Since its first open-source release in 2004, MonetDB has metamorphosed from a Linux focused research project into an end-user oriented industrial-ready product. Today, I let my most precious kākāpō fly over MonetDB’s ecosystem.
First of all, we have all the basics covered. Today, MonetDB is used by customers using all three major hardware architectures (i.e. Intel, AMD and ARM) on all three major operating systems (i.e. Linux, Windows and Mac OS). For virtual hardware users, MonetDB is also officially released on Docker.
MonetDB started as a server-only database system. But since 2020, the server flavour has got an embedded sibling, MonetDB/e, a lightweight C library that can be included in user applications.
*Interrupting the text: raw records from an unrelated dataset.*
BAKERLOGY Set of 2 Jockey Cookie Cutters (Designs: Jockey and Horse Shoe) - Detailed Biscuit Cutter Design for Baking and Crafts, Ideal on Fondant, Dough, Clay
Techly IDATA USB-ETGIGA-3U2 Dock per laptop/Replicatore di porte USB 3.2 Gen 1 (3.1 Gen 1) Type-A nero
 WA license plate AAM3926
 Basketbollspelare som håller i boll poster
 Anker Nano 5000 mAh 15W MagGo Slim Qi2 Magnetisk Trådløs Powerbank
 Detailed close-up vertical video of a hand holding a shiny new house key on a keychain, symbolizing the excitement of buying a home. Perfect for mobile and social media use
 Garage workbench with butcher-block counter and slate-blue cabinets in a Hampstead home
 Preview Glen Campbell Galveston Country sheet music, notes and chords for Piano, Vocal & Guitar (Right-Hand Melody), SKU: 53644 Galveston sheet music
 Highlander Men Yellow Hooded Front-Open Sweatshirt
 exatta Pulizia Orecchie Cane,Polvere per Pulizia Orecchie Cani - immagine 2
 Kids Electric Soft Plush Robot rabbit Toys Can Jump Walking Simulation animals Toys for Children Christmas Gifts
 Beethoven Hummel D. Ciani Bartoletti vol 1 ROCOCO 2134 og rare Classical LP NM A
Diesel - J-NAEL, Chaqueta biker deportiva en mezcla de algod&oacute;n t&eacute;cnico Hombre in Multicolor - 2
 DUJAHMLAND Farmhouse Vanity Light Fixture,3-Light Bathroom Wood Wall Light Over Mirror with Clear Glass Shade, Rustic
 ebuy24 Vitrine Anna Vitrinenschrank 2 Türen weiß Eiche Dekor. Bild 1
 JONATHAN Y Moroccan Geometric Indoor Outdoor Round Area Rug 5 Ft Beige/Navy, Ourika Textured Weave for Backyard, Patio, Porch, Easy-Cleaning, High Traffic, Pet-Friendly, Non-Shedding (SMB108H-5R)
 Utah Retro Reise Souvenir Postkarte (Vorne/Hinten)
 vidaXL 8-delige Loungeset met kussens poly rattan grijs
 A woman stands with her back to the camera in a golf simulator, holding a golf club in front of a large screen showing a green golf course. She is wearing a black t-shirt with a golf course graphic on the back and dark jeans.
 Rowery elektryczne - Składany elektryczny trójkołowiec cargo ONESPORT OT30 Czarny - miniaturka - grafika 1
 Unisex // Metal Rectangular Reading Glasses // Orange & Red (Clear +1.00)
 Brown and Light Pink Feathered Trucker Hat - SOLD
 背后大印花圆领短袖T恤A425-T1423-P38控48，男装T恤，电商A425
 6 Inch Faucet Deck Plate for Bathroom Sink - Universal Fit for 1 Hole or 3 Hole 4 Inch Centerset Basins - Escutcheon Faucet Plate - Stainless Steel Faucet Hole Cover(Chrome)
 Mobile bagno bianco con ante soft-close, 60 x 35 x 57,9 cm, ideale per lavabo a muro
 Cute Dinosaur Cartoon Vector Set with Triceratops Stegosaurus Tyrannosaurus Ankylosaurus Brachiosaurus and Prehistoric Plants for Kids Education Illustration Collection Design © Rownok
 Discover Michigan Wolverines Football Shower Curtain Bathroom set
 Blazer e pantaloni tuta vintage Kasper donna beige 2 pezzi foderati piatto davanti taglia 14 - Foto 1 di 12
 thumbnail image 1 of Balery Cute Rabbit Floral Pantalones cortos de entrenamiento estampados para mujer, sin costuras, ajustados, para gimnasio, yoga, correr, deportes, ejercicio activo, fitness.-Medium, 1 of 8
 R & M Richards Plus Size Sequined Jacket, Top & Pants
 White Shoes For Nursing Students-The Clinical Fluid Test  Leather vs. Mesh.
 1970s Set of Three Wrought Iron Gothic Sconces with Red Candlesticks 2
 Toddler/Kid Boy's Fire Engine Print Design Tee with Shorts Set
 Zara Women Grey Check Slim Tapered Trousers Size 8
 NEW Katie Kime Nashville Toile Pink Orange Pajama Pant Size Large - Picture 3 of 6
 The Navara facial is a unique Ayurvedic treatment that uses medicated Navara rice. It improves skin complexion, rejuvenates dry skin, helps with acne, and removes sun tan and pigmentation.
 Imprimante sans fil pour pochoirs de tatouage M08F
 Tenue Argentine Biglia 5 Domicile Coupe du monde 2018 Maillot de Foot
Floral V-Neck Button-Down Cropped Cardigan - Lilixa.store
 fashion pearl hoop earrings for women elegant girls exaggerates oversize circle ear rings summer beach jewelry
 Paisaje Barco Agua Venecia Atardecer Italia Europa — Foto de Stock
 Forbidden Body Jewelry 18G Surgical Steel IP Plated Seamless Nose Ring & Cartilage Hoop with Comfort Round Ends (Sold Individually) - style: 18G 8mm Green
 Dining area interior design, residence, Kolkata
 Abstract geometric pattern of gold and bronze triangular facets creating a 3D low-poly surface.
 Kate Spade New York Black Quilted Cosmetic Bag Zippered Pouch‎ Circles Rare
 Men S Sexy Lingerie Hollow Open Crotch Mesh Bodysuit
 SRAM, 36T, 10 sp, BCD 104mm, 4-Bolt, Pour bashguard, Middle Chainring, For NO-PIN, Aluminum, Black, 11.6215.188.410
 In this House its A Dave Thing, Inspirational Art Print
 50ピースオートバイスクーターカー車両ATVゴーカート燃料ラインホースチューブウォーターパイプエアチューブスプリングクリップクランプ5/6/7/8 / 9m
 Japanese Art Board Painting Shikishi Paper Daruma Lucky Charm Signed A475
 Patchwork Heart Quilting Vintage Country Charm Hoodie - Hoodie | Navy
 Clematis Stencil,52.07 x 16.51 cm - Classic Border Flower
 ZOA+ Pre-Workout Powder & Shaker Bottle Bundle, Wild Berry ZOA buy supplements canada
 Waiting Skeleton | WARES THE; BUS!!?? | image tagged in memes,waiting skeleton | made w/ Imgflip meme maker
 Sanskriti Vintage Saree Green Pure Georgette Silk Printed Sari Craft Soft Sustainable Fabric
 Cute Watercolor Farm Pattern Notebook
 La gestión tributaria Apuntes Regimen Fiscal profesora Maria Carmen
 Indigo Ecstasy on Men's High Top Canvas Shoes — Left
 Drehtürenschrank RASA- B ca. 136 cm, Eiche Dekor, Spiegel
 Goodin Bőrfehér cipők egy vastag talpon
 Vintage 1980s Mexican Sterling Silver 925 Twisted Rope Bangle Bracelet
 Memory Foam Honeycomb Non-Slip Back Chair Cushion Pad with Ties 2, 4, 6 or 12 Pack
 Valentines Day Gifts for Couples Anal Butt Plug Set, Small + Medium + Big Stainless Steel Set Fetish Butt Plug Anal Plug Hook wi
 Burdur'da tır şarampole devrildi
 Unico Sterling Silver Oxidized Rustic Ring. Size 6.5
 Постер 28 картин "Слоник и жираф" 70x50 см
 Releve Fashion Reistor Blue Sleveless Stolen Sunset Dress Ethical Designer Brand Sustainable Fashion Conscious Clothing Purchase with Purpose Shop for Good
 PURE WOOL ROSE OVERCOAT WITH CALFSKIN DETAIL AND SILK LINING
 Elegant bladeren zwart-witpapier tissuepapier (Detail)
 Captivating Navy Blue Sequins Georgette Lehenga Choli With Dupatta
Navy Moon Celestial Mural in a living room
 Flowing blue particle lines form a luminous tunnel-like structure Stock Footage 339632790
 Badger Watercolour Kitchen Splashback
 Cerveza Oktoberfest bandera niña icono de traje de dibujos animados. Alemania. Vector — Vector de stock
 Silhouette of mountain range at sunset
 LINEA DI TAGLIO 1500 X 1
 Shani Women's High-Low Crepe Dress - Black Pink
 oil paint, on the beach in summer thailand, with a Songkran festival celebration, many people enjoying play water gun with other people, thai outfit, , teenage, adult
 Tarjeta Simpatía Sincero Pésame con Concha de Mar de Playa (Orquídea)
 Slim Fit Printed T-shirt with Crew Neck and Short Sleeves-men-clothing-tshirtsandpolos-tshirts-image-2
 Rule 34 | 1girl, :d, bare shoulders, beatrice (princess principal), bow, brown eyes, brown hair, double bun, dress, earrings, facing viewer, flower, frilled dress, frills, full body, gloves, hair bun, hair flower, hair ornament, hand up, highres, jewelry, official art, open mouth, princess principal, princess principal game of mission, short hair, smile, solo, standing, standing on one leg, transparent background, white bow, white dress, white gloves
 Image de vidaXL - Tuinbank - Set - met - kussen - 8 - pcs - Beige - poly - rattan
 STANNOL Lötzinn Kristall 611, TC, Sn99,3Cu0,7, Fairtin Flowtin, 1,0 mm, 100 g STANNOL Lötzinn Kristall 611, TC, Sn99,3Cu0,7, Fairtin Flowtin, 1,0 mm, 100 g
MonetDB/e inherits MonetDB’s data analytics power by sharing the same core library with the server-based variation. This design allows both flavours to enjoy new features in the core library immediately, while reducing their maintenance. Integration with Python and Java have been subsequently released, while integrating with R is a work in progress.
Offering MonetDB products in the cloud is our ultimate dream. The ServiceNow investment of 2021 gave us a substantial push in this direction. Shortly after that, the first MonetDB on the AWS marketplace was released, a Christmas gift for our users. With this release, we have embarked on a multi-year project. First, we will release more free MonetDB products on cloud platforms in 2022, e.g. Azure, DigitalOcean and Google Cloud Platform. Simultaneously, we are expanding MonetDB’s cloud offerings to paid products with more user-oriented features and eventually arrive at a fully-managed serverless platform.
High-level software architecture
From the bird’s-eye view, MonetDB has a straightforward architecture. Users can interact with a MonetDB server through standard SQL interfaces as illustrated in this figure.
High-performance query engine
One of MonetDB’s design philosophies is that users shall not be required to have in-depth DBMS knowledge before they can enjoy the performance of the database system (a.k.a. the zero-knob design principle). Hence, for most (analytics-heavy) workloads, MonetDB performs well out-of-the-box.
The one thing that differentiates MonetDB from other relational database systems is hidden behind the standard interfaces: the query engine. It is only noticeable to the users through query execution time. MonetDB’s query engine achieves its high performance for data analytics through several techniques:
A pure-columnar data storage scheme that is particularly advantageous for complex analytical queries.
Parallel processing of columnar data throughout the whole system.
In-memory optimisation allows faster follow-up queries.
A multicore architecture that can easily leverage modern hardware accelerations.
Auto-tuned indices eliminate manual DBA work.
Advanced in-database analytical features through SQL User-Defined Functions implemented in Python, R and C/C++.
Input data loading interface
At the bottom, MonetDB supports various ways to import and export the text and binary data. Next to the standard SQL command INSERT INTO, MonetDB provides COPY INTO for super-fast bulk loading of large data sets. MonetDB supports standard data formats, including CSV and JSON.
Data vault is MonetDB’s equivalent to the data lake concept. The MonetDB data vault framework provides a unified interface to load foreign file formats into relational tables to be queried using the standard SQL interfaces. Currently, MonetDB supports SHP (for geospatial data) and FITS (for images) files. The support for NetCDF and GDAL is still experimental. One can easily extend the data vault framework to support other file formats.
Output query interface
At the top, MonetDB supports a broad scope of standard SQL features, such as:
Common SQL features, e.g. keys, joins, views, triggers, stored procedures, user authentications, and data access control,
Full-ACID properties for concurrent transactions,
SQL:1999 ROLLUP, CUBE, GROUPING SETS,
SQL:2003 merge statements,
SQL:2011 window functions, and
PostGIS compatible geospatial features
MonetDB provides more than ten drivers so that users can connect to a MonetDB database server from within their favourite programming language environments. In addition, MonetDB supports object-relational mappers, including SQLalchemy and Hibernate.
Jan. 31, 2022